BEGIN The data

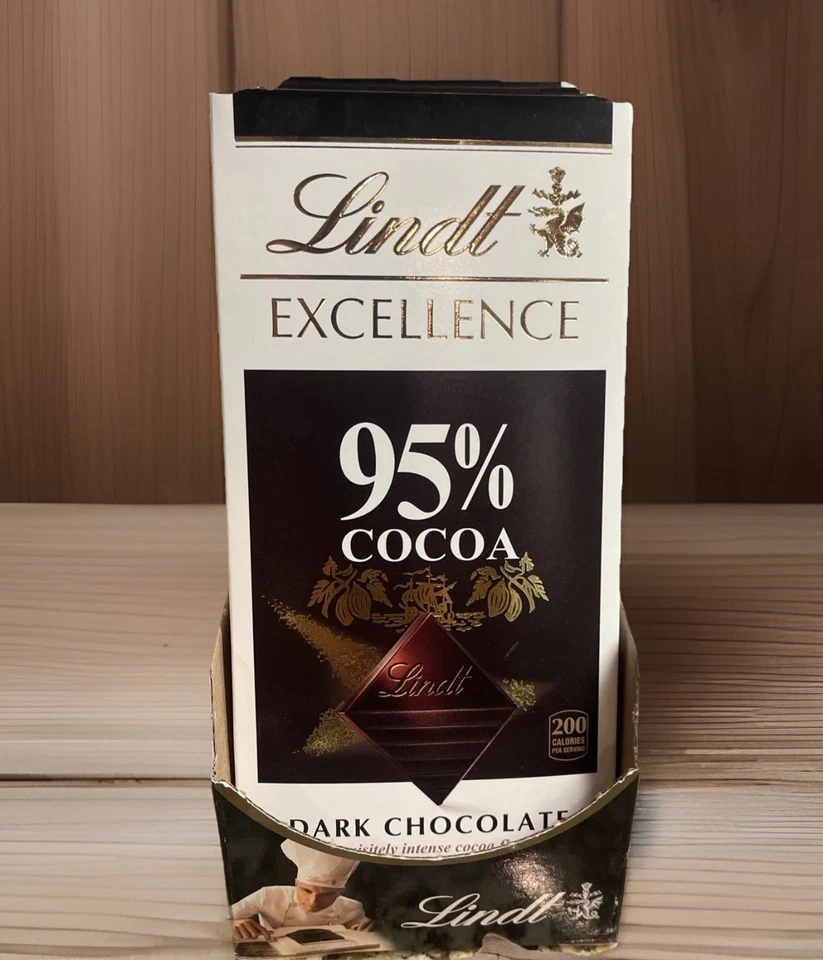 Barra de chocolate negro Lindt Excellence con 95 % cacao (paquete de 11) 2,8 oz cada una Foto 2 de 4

END The data
BEGIN The data

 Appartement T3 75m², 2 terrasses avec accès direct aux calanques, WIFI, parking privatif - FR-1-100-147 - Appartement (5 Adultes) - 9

END The data
BEGIN The data

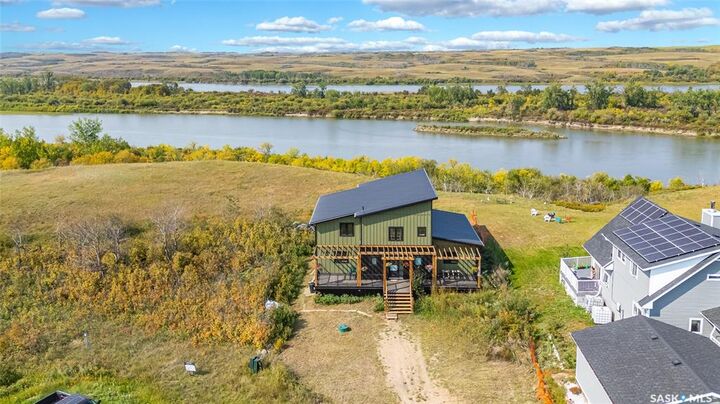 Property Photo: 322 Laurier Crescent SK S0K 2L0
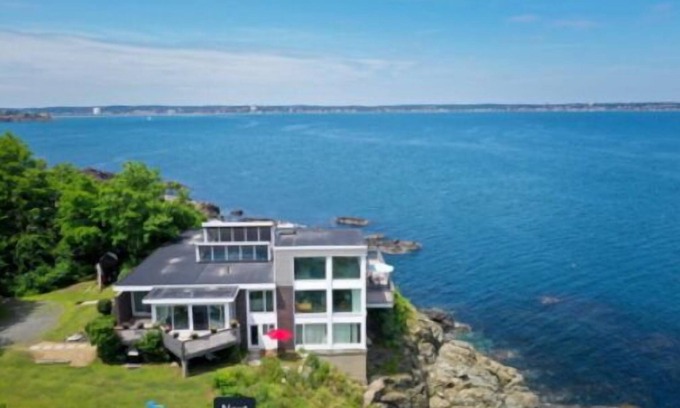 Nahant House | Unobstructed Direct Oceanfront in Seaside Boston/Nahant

END The data

> _Task details_
Take the entries above and copy exactly the lines starting at the one with "Property Photo: 322" and ending at the one with "Nahant House |"; nothing outside that span, and no pictures.

> _Expected output_
 Property Photo: 322 Laurier Crescent SK S0K 2L0
 Nahant House | Unobstructed Direct Oceanfront in Seaside Boston/Nahant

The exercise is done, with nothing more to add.